■ Entries taken from a collection:

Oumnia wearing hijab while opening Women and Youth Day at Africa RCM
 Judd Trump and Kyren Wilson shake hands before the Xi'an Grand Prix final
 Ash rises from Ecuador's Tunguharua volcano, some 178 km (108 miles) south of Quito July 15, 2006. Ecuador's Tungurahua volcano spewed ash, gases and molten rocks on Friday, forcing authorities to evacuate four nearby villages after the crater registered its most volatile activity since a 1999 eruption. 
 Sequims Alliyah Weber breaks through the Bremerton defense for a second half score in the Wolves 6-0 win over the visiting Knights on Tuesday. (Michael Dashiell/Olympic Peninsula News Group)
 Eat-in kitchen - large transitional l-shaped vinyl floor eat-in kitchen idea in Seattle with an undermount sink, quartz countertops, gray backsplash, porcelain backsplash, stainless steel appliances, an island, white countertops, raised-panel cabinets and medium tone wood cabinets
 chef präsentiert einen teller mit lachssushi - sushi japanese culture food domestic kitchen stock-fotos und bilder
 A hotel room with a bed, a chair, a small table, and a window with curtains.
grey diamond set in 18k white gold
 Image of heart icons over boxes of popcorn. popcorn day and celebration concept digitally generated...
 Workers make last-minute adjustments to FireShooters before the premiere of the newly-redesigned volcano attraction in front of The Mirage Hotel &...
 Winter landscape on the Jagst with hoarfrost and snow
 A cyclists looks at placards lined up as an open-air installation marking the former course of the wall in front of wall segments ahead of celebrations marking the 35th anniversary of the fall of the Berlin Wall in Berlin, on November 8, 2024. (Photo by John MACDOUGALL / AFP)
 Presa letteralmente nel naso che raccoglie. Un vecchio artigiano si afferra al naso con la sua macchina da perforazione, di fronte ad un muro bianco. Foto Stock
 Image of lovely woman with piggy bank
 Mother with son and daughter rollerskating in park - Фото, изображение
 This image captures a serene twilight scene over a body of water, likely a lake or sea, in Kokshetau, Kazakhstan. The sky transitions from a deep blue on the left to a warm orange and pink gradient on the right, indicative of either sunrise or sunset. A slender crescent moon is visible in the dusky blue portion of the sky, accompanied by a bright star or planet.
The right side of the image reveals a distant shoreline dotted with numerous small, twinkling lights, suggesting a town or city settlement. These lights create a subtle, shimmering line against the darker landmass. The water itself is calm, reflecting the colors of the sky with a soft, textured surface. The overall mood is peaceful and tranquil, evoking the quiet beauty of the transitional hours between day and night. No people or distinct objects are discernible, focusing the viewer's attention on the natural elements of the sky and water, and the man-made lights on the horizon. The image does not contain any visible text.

■ What you should do:
Transcribe each entry exactly as it appears.

■ Response to the task:
Oumnia wearing hijab while opening Women and Youth Day at Africa RCM
 Judd Trump and Kyren Wilson shake hands before the Xi'an Grand Prix final
 Ash rises from Ecuador's Tunguharua volcano, some 178 km (108 miles) south of Quito July 15, 2006. Ecuador's Tungurahua volcano spewed ash, gases and molten rocks on Friday, forcing authorities to evacuate four nearby villages after the crater registered its most volatile activity since a 1999 eruption. 
 Sequims Alliyah Weber breaks through the Bremerton defense for a second half score in the Wolves 6-0 win over the visiting Knights on Tuesday. (Michael Dashiell/Olympic Peninsula News Group)
 Eat-in kitchen - large transitional l-shaped vinyl floor eat-in kitchen idea in Seattle with an undermount sink, quartz countertops, gray backsplash, porcelain backsplash, stainless steel appliances, an island, white countertops, raised-panel cabinets and medium tone wood cabinets
 chef präsentiert einen teller mit lachssushi - sushi japanese culture food domestic kitchen stock-fotos und bilder
 A hotel room with a bed, a chair, a small table, and a window with curtains.
grey diamond set in 18k white gold
 Image of heart icons over boxes of popcorn. popcorn day and celebration concept digitally generated...
 Workers make last-minute adjustments to FireShooters before the premiere of the newly-redesigned volcano attraction in front of The Mirage Hotel &...
 Winter landscape on the Jagst with hoarfrost and snow
 A cyclists looks at placards lined up as an open-air installation marking the former course of the wall in front of wall segments ahead of celebrations marking the 35th anniversary of the fall of the Berlin Wall in Berlin, on November 8, 2024. (Photo by John MACDOUGALL / AFP)
 Presa letteralmente nel naso che raccoglie. Un vecchio artigiano si afferra al naso con la sua macchina da perforazione, di fronte ad un muro bianco. Foto Stock
 Image of lovely woman with piggy bank
 Mother with son and daughter rollerskating in park - Фото, изображение
 This image captures a serene twilight scene over a body of water, likely a lake or sea, in Kokshetau, Kazakhstan. The sky transitions from a deep blue on the left to a warm orange and pink gradient on the right, indicative of either sunrise or sunset. A slender crescent moon is visible in the dusky blue portion of the sky, accompanied by a bright star or planet.
The right side of the image reveals a distant shoreline dotted with numerous small, twinkling lights, suggesting a town or city settlement. These lights create a subtle, shimmering line against the darker landmass. The water itself is calm, reflecting the colors of the sky with a soft, textured surface. The overall mood is peaceful and tranquil, evoking the quiet beauty of the transitional hours between day and night. No people or distinct objects are discernible, focusing the viewer's attention on the natural elements of the sky and water, and the man-made lights on the horizon. The image does not contain any visible text.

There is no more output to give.